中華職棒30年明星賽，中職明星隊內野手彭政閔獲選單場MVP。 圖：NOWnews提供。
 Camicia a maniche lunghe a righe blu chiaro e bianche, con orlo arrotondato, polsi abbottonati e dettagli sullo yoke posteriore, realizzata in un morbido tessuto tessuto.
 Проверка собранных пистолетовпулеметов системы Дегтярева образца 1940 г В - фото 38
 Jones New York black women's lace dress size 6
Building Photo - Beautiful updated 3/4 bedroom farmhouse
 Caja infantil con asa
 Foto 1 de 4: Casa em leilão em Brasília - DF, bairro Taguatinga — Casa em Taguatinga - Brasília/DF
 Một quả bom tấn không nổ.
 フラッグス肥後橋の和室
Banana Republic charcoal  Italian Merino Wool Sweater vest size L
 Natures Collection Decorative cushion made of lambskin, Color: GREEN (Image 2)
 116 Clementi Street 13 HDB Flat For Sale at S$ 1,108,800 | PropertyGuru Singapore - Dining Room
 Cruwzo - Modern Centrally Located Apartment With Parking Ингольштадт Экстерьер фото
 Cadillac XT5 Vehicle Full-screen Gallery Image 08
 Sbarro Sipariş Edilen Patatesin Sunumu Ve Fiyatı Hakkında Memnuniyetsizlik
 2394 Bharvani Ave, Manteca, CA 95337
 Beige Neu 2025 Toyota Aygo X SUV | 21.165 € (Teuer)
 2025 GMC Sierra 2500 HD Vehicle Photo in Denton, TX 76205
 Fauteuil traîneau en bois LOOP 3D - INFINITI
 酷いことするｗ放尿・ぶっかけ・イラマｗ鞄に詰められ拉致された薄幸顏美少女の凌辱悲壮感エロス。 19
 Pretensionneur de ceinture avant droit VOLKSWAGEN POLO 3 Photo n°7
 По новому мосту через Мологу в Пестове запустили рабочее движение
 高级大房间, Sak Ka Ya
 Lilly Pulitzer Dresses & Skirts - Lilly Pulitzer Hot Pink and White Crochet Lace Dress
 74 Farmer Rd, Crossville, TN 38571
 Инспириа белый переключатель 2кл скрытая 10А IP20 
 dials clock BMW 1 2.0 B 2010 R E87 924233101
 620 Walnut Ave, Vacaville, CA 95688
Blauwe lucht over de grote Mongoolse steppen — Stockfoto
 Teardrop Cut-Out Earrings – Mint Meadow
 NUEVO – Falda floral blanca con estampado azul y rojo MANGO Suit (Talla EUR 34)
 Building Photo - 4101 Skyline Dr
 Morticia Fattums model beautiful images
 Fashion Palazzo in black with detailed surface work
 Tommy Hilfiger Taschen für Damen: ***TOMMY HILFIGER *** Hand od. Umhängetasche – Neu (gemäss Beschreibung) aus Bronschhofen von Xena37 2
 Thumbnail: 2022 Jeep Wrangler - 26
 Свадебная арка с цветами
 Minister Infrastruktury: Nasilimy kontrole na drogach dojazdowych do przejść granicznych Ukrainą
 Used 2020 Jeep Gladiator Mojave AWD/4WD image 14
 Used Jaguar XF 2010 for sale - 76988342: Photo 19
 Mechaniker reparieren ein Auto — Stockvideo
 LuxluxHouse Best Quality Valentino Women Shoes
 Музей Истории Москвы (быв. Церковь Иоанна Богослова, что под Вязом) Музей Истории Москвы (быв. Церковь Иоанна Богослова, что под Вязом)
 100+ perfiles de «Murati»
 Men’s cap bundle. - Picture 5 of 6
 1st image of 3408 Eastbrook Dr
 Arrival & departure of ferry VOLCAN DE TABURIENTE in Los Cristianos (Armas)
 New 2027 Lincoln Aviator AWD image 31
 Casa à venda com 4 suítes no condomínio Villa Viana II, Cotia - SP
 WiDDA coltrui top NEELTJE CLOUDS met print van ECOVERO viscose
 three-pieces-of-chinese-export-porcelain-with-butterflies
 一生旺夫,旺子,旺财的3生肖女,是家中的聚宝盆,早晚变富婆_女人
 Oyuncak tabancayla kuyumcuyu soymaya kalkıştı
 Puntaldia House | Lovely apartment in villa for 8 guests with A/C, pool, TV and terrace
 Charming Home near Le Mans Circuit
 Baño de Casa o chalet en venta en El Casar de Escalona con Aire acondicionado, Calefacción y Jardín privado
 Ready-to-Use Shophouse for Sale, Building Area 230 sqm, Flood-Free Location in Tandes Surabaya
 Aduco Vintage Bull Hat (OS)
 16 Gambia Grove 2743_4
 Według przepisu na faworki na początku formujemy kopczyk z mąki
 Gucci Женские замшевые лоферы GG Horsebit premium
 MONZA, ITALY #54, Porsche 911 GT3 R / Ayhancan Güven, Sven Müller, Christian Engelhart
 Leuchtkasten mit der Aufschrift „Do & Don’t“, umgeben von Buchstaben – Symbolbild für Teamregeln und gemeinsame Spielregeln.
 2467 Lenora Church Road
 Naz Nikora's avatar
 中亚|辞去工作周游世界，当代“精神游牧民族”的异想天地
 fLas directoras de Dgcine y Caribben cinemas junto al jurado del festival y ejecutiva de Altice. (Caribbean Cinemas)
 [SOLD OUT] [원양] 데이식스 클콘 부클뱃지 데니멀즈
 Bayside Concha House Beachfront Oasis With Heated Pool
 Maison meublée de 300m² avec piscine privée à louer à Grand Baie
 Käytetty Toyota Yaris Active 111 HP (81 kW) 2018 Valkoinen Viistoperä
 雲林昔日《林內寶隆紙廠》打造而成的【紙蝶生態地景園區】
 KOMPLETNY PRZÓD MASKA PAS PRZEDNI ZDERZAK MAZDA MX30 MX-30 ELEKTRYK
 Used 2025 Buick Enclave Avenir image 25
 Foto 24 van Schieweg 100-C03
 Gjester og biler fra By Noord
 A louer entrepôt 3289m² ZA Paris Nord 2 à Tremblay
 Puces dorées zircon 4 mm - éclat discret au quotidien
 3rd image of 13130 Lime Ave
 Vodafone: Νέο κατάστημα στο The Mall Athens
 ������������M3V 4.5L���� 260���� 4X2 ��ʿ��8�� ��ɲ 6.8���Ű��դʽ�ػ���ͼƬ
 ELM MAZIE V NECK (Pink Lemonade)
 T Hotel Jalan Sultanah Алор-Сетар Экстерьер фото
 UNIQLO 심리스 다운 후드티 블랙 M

> **EXERCISE DESCRIPTION**
Exactly as they appear, output the line holding "A louer entrepôt" and all lines after it through the end of the listing above, and only those.

> **COMPLETED EXERCISE**
 A louer entrepôt 3289m² ZA Paris Nord 2 à Tremblay
 Puces dorées zircon 4 mm - éclat discret au quotidien
 3rd image of 13130 Lime Ave
 Vodafone: Νέο κατάστημα στο The Mall Athens
 ������������M3V 4.5L���� 260���� 4X2 ��ʿ��8�� ��ɲ 6.8���Ű��դʽ�ػ���ͼƬ
 ELM MAZIE V NECK (Pink Lemonade)
 T Hotel Jalan Sultanah Алор-Сетар Экстерьер фото
 UNIQLO 심리스 다운 후드티 블랙 M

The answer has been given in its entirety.